The exit polls showed Mr Iliescu on 48 per cent, well ahead of Emil Constantinescu, the main opposition candidate in yesterday's presidential election, on 33 per cent. Gheorghe Funar, a far- right Romanian nationalist, was set to come third, with 10 per cent of the vote.

In the simultaneous parliamentary elections, Mr Iliescu's Democratic National Salvation Front was heading for 27.5 per cent, only marginally ahead of Mr Constantinescu's Democratic Convention, which was on 23 per cent.

Although Mr Iliescu did not poll enough to secure an outright victory, there seems little doubt he will emerge victorious from the run-off he will have with Mr Constantinescu next month.
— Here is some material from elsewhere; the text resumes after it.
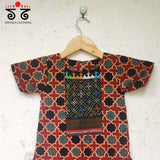 Handcrafted Kurta for Little Girls!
The prospect of a further four years of Iliescu rule came as a crushing blow to supporters of Mr Constantinescu's Democratic Convention, who had fervently hoped that yesterday's election would herald a decisive break with Romania's Communist past.

'This is a disaster for the country, a terrible step backwards,' said Dan Georgescu, one of the Convention's many shocked supporters. 'We have just committed ourselves to years of further stagnation and isolation. The old guard is now firmly back in the saddle.'

Predictions before the elections indicated it would be a much closer race, which could even have swung Mr Constantinescu's way. The Democratic Convention, an alliance of 17 parties and groups, campaigned vigorously for the dismantling of all the country's old Communist structures, the introduction of genuine democracy and a swift transformation into a market economy.

While popular in Bucharest and other major cities, their platform failed to win over those in the countryside, terrified that rapid capitalism would mean the return of old-fashioned style landlords and mass unemployment. Many felt uneasy, too, about Mr Constantinescu's plan to hold a referendum on whether or not to restore the monarchy and his conciliatory approach in dealings with the country's 1.8 million ethnic Hungarians.

'Mr Iliescu is a good Romanian and a strong man,' said Gheorghe Fieraru, a voter standing in line at a polling station in Pitesti, 80 miles northwest of Bucharest. 'He is the man with the most experience and the one most likely to guarantee economic stability.'

While devastated by the personal defeat of Mr Constantinescu, Democratic Convention supporters drew little comfort from the projected results of the parliamentary polls. Although no party came close to an outright majority, Mr Iliescu, who has led the country since the overthrow of Ceausescu in December 1989, appeared better placed to be able to patch together a workable coalition headed by his Democratic National Salvation Front.

If, as is almost certain, he is re- elected president next month, he will, in any case, have the power to appoint the new prime minister.